Results: A total of 1,438 and 1,720 unique tissue and blood samples, respectively, were obtained from 1,954 patients and included >100 screened disease ontologies, with 1,017 unique pairs of tTMB and bTMB measurements available for assessment. Median tTMB and bTMB were 3.8 and 3.5 mut/Mb, respectively. A significant correlation between tTMB and bTMB (r=0.48, p<0.0001) was observed across all sample pairs, which increased to r=0.54 (p<0.0001) for samples with MSAF≥1%. Assay concordance was highest for samples with MSAF≥10% across multiple disease ontologies and observed for both responders and non-responders to ICI therapy. The variants contributing to tTMB and bTMB were similar.

Conclusions: We observed that tTMB and bTMB had a statistically significant correlation, particularly for samples with high MSAF, and that this correlation applied across disease ontologies. Further investigation into the clinical utility of bTMB is warranted.

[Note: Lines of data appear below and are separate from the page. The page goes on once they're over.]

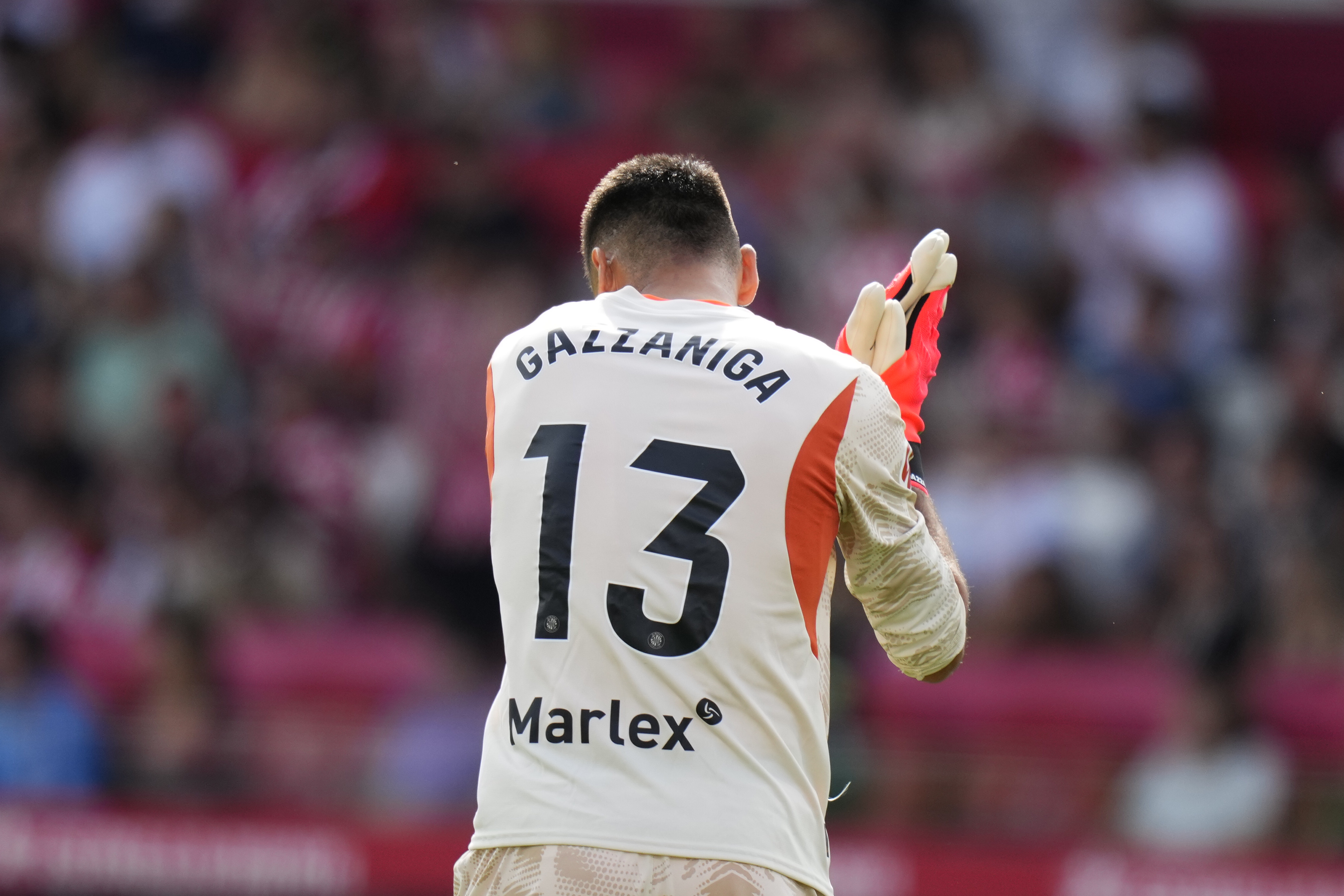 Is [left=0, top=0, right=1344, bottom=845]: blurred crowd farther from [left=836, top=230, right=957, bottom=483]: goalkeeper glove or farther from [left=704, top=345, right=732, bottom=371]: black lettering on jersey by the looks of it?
[left=704, top=345, right=732, bottom=371]: black lettering on jersey

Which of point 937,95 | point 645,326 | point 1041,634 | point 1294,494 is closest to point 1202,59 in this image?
point 937,95

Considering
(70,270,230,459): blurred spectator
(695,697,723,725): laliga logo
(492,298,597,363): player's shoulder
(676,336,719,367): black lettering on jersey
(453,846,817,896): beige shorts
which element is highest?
(70,270,230,459): blurred spectator

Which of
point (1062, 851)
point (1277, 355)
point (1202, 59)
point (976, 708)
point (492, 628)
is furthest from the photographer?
point (1202, 59)

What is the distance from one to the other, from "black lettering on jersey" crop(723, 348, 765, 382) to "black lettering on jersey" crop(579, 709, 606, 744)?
2.03ft

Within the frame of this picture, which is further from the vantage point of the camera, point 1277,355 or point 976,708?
point 1277,355

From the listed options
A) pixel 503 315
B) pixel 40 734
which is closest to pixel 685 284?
pixel 40 734

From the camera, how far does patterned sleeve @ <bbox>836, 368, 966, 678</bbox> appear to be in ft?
11.4

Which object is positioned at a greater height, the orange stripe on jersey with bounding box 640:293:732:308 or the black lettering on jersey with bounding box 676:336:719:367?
the orange stripe on jersey with bounding box 640:293:732:308

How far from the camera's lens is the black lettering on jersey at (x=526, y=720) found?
11.1 ft

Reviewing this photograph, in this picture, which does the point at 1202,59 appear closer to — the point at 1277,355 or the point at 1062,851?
the point at 1277,355

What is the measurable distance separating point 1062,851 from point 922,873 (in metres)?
0.52

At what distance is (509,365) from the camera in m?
3.60

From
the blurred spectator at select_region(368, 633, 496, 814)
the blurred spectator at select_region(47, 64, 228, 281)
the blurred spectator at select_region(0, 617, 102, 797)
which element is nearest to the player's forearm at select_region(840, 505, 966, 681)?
the blurred spectator at select_region(368, 633, 496, 814)

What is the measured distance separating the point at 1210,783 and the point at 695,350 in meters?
4.73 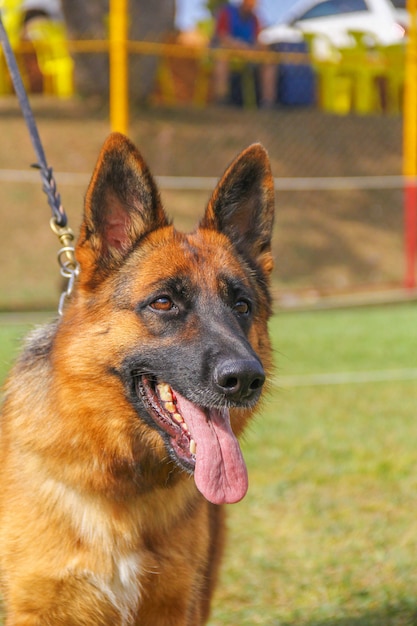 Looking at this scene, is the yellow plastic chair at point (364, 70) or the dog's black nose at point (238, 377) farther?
the yellow plastic chair at point (364, 70)

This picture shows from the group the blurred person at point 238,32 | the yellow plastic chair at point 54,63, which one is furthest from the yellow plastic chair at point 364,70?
the yellow plastic chair at point 54,63

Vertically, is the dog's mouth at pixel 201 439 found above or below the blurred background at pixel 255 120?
above

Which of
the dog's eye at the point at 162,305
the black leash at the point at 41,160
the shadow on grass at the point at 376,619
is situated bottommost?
the shadow on grass at the point at 376,619

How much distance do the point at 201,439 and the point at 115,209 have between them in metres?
1.00

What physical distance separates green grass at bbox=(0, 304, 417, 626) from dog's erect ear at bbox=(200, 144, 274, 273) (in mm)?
597

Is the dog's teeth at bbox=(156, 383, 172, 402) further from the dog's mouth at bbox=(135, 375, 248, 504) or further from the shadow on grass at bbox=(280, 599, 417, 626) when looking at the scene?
the shadow on grass at bbox=(280, 599, 417, 626)

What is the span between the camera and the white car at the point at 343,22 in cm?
1648

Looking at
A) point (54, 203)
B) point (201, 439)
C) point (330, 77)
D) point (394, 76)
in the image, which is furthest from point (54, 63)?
point (201, 439)

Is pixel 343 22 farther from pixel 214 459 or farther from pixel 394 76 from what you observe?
pixel 214 459

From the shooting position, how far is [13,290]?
14.1m

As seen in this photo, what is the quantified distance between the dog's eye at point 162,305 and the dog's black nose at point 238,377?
369 millimetres

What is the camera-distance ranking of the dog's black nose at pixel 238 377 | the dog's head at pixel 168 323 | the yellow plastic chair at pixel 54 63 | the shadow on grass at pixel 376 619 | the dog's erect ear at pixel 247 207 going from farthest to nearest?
the yellow plastic chair at pixel 54 63 → the shadow on grass at pixel 376 619 → the dog's erect ear at pixel 247 207 → the dog's head at pixel 168 323 → the dog's black nose at pixel 238 377

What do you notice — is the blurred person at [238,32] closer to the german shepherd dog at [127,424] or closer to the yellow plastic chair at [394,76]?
the yellow plastic chair at [394,76]

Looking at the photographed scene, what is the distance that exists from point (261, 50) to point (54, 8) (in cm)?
616
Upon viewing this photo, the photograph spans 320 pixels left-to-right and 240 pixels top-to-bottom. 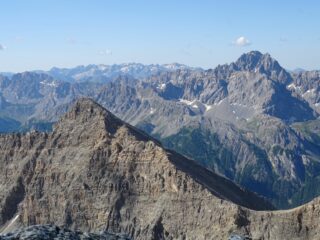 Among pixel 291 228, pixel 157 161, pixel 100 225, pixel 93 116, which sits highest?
pixel 93 116

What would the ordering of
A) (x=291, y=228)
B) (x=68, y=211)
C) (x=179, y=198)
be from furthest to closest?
(x=68, y=211) < (x=179, y=198) < (x=291, y=228)

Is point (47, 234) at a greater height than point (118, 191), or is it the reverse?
point (47, 234)

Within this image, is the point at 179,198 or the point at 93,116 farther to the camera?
the point at 93,116

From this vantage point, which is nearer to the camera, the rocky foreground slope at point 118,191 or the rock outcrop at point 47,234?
the rock outcrop at point 47,234

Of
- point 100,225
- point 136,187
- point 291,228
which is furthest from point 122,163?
point 291,228

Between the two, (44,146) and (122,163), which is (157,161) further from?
(44,146)

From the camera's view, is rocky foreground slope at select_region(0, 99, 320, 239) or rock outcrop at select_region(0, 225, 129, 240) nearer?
rock outcrop at select_region(0, 225, 129, 240)

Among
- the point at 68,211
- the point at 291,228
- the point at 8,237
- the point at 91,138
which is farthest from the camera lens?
the point at 91,138

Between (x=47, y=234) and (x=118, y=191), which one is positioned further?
(x=118, y=191)
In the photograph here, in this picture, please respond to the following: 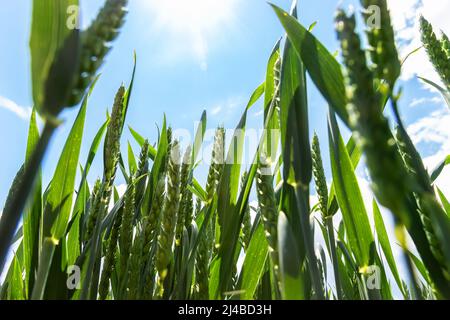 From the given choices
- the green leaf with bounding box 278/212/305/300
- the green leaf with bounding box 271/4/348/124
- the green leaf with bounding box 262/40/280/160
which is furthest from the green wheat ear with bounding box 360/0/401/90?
the green leaf with bounding box 262/40/280/160

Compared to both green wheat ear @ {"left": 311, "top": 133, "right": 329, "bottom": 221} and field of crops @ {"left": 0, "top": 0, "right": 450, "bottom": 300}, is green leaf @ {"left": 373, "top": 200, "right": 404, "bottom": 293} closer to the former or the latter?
field of crops @ {"left": 0, "top": 0, "right": 450, "bottom": 300}

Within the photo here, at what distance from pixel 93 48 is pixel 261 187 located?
35 cm

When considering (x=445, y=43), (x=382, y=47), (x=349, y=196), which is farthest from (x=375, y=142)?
(x=445, y=43)

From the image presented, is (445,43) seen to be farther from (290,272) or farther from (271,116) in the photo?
(290,272)

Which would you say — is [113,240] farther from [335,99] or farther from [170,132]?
[335,99]

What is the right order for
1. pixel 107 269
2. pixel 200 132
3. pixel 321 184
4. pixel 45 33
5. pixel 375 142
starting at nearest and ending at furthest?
pixel 375 142 → pixel 45 33 → pixel 107 269 → pixel 321 184 → pixel 200 132

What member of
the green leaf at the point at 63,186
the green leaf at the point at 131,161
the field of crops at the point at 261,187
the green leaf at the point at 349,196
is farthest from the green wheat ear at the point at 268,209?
the green leaf at the point at 131,161

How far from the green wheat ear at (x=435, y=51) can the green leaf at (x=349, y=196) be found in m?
0.38

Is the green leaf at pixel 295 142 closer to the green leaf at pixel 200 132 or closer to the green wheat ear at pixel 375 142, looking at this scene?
the green wheat ear at pixel 375 142

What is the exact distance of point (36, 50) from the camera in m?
0.44

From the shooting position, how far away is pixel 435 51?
3.06ft

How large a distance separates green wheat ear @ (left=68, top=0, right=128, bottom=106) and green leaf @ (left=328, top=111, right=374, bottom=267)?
430mm

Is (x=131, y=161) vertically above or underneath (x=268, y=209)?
above

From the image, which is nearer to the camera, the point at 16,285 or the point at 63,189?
the point at 63,189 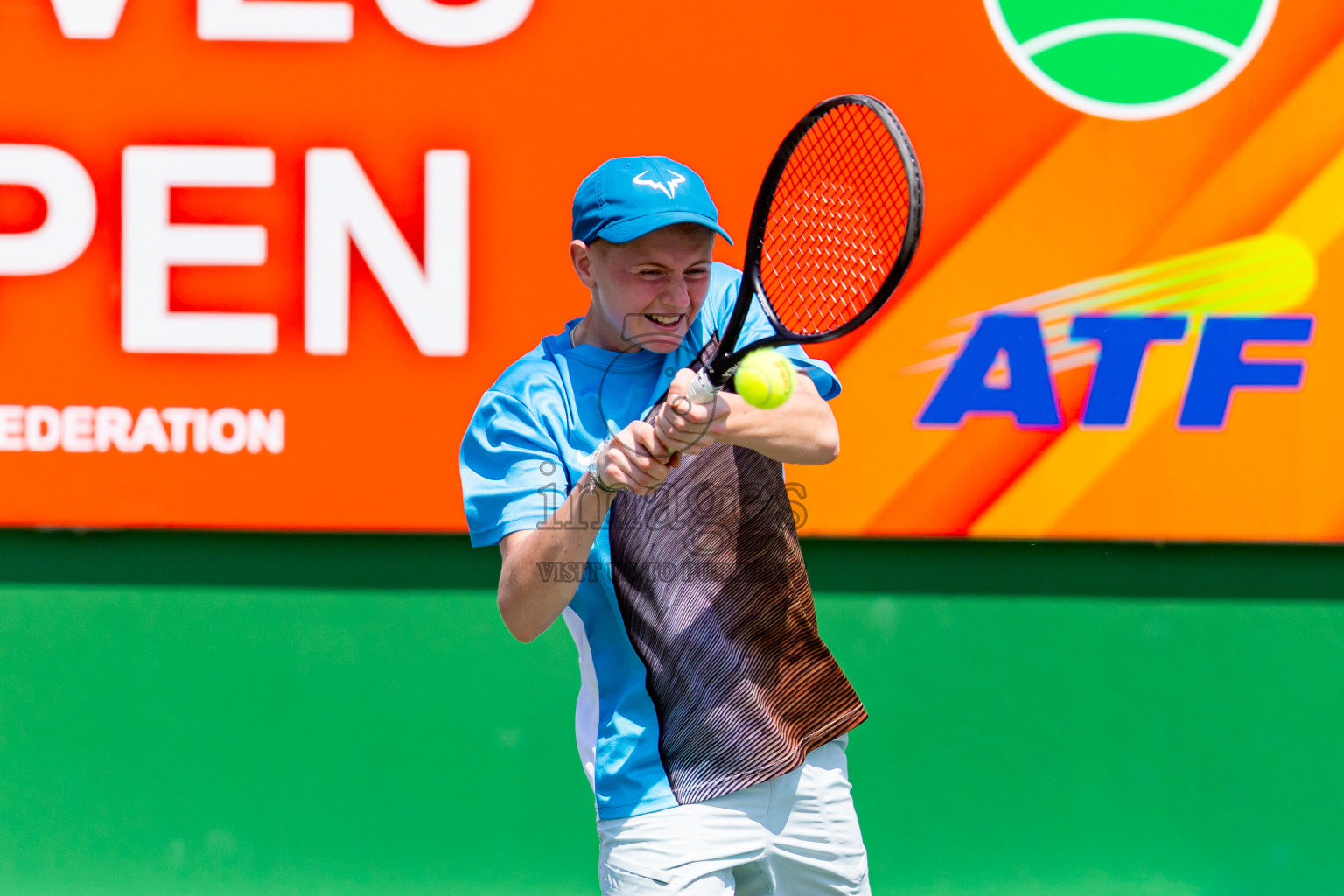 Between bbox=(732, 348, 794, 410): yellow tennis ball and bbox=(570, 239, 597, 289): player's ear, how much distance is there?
0.45 meters

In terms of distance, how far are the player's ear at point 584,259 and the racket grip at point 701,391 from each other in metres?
0.38

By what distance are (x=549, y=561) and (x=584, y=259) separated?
21.3 inches

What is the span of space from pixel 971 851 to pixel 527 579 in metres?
2.09

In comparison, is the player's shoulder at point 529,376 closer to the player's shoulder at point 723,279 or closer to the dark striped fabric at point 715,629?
the dark striped fabric at point 715,629

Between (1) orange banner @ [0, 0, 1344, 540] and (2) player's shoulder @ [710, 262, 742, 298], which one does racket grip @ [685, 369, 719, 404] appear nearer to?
(2) player's shoulder @ [710, 262, 742, 298]

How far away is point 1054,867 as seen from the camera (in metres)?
3.52

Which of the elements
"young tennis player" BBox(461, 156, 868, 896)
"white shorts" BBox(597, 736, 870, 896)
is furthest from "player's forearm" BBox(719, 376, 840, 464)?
"white shorts" BBox(597, 736, 870, 896)

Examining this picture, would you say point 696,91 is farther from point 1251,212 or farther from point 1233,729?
point 1233,729

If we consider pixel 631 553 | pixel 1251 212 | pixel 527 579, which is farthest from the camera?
pixel 1251 212

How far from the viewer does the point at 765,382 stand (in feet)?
5.78

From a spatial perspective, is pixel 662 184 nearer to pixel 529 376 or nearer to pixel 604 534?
pixel 529 376

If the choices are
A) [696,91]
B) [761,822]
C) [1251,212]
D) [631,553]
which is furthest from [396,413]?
[1251,212]

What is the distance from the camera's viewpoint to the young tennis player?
204 cm

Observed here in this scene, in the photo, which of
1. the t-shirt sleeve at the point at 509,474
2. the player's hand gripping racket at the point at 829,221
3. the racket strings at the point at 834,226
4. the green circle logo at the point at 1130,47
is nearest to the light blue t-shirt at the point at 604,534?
the t-shirt sleeve at the point at 509,474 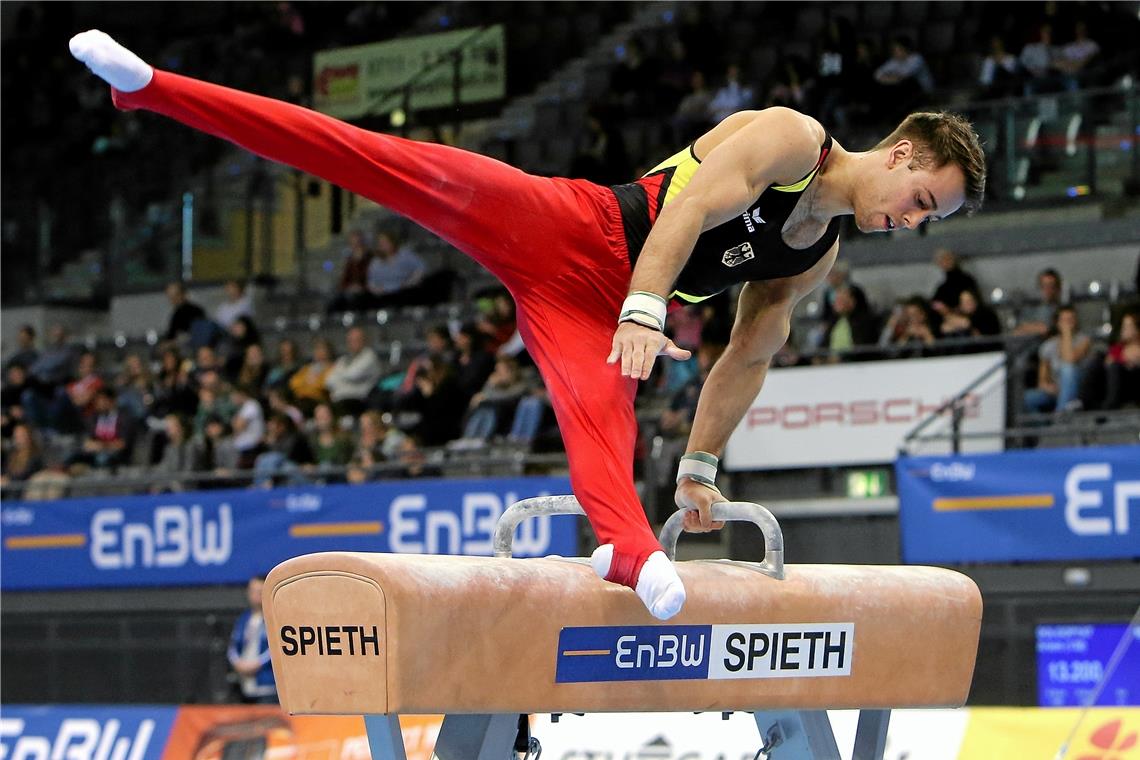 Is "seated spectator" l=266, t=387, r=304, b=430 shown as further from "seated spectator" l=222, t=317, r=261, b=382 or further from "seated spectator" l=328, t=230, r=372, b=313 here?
"seated spectator" l=328, t=230, r=372, b=313

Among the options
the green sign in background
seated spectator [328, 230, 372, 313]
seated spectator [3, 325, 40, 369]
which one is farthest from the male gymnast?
the green sign in background

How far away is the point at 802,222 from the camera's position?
12.9 ft

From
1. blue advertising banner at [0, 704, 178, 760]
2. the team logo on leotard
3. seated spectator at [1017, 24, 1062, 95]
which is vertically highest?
seated spectator at [1017, 24, 1062, 95]

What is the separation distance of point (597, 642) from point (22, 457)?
10569mm

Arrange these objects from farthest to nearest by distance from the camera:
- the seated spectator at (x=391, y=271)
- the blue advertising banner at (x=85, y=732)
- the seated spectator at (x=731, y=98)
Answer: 1. the seated spectator at (x=391, y=271)
2. the seated spectator at (x=731, y=98)
3. the blue advertising banner at (x=85, y=732)

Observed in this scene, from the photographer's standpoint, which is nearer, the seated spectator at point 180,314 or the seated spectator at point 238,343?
the seated spectator at point 238,343

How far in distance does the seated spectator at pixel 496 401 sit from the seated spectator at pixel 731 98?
3.37 metres

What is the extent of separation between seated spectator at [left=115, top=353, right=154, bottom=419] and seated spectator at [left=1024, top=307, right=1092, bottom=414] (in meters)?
7.61

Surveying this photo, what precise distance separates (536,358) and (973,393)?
597 centimetres

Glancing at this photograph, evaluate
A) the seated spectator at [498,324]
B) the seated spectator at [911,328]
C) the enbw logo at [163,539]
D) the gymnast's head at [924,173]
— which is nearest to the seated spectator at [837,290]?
the seated spectator at [911,328]

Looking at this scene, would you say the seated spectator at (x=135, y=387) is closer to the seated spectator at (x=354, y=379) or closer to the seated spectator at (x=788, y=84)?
the seated spectator at (x=354, y=379)

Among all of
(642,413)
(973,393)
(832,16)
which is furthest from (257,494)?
(832,16)

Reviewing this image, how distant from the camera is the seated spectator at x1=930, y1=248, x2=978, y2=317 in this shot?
33.1 ft

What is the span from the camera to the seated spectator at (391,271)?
13.7 meters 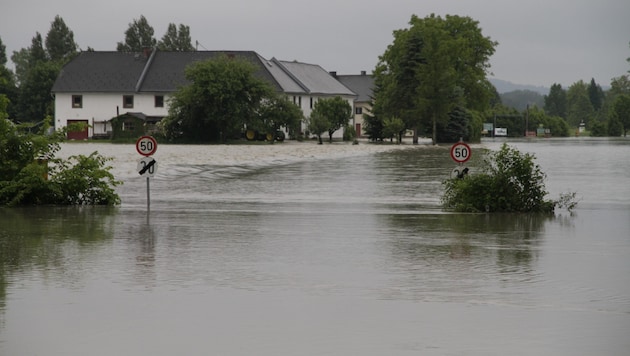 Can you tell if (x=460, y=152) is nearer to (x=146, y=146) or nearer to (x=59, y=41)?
(x=146, y=146)

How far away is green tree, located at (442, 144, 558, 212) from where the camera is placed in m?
22.6

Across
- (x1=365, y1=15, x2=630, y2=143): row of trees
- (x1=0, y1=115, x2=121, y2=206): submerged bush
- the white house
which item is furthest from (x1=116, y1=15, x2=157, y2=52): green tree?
(x1=0, y1=115, x2=121, y2=206): submerged bush

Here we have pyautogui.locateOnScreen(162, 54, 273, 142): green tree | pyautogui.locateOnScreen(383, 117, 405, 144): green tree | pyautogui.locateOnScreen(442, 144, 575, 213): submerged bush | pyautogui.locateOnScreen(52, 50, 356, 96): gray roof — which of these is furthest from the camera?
pyautogui.locateOnScreen(52, 50, 356, 96): gray roof

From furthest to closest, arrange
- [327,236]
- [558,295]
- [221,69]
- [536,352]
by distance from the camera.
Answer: [221,69], [327,236], [558,295], [536,352]

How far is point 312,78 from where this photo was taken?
131875 mm

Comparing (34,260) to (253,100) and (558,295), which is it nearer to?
(558,295)

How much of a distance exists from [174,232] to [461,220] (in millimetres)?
6014

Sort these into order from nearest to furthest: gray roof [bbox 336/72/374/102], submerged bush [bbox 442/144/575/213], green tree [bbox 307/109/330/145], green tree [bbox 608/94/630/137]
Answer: submerged bush [bbox 442/144/575/213] → green tree [bbox 307/109/330/145] → gray roof [bbox 336/72/374/102] → green tree [bbox 608/94/630/137]

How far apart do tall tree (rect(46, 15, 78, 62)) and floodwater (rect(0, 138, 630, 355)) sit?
509 ft

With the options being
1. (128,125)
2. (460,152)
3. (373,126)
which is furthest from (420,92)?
(460,152)

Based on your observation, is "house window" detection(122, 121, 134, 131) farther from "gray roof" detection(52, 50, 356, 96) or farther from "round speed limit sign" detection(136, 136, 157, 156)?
"round speed limit sign" detection(136, 136, 157, 156)

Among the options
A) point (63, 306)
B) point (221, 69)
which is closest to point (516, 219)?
point (63, 306)

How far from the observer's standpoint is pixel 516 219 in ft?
70.6

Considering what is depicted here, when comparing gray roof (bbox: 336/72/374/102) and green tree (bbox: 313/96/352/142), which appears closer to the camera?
green tree (bbox: 313/96/352/142) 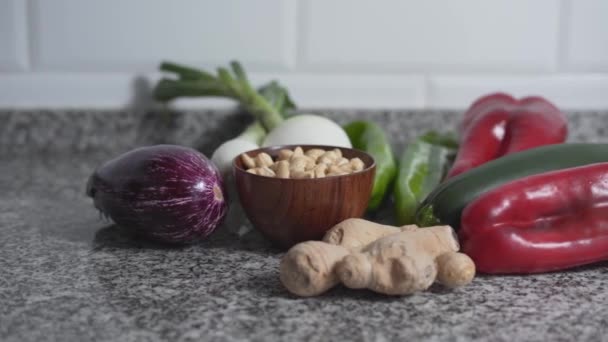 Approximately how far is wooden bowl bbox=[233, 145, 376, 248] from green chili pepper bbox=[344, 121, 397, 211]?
0.53ft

Keywords: Biomarkers, Tumor; Immunotherapy; Ipilimumab; Nivolumab.

Figure 1

Distribution of tTMB and bTMB. Each box shows the IQR, and horizontal lines represent median values. Whiskers represent values 1.5× the upper and lower limits of the IQR. ^aTo accommodate TMB values of 0 for taking logarithms, 0.5 was added to all TMB values prior to taking the logarithm, for plotting purposes. bTMB, blood tumor mutational burden; mut/Mb, mutations/megabase; TMB, tumor mutational burden; tTMB, tissue tumor mutational burden.

Figure 2

Correlation of bTMB and tTMB for (A) all sample pairs; (B) sample pairs with MSAF≥1%; or (C) sample pairs with MSAF<1%. ^aRight-hand panel shows enlargement of the left-hand panel. Shaded area around the regression line in the right-hand panel shows the 95% CIs for Passing–Bablok regression analysis. bTMB, blood tumor mutational burden; MSAF, maximum somatic allele frequency; r, Spearman’s correlation coefficient; tTMB, tissue tumor mutational burden.

Figure 3

Correlations between tTMB and bTMB by disease ontology for (A) samples with MSAF≥1% and for (B) samples with MSAF≥1% to <10% versus ≥10%. Number of sample pairs is shown inside each bar. ^aData are shown for the top five most frequent disease ontologies among samples with MSAF≥1%. bTMB, blood tumor mutational burden; CUP, carcinoma of unknown primary; MSAF, maximum somatic allele frequency; tTMB, tissue tumor mutational burden.

Figure 4

Assessment of TMB status between tissue-based and blood-based assays by disease ontology, for (A) samples with MSAF≥1% and (B) samples with MSAF≥1% to <10% versus ≥10%. Number of sample pairs is shown inside each bar. ^aData are shown for the top five most frequent disease ontologies among samples with MSAF≥1%. CUP, carcinoma of unknown primary; MSAF, maximum somatic allele frequency; PPA, positive percentage agreement; TMB, tumor mutational burden.

Figure 5

Concordance between tTMB and bTMB status among responders and non-responders to ICI therapy.^{a a}Patients with either tTMB-H or bTMB-H status who were randomized in the CheckMate 848 trial. Samples were pooled across the nivolumab+ipilimumab and nivolumab monotherapy treatment arms. BOR, best overall response; bTMB, blood tumor mutational burden; bTMB-H, high blood tumor mutational burden; CR, complete response; ICI, immune checkpoint inhibitor; MSAF, maximum somatic allele frequency; NE, not evaluable (for response); PD, progressive disease; PR, partial response; SD, stable disease; tTMB, tissue tumor mutational burden; tTMB-H, high tissue tumor mutational burden.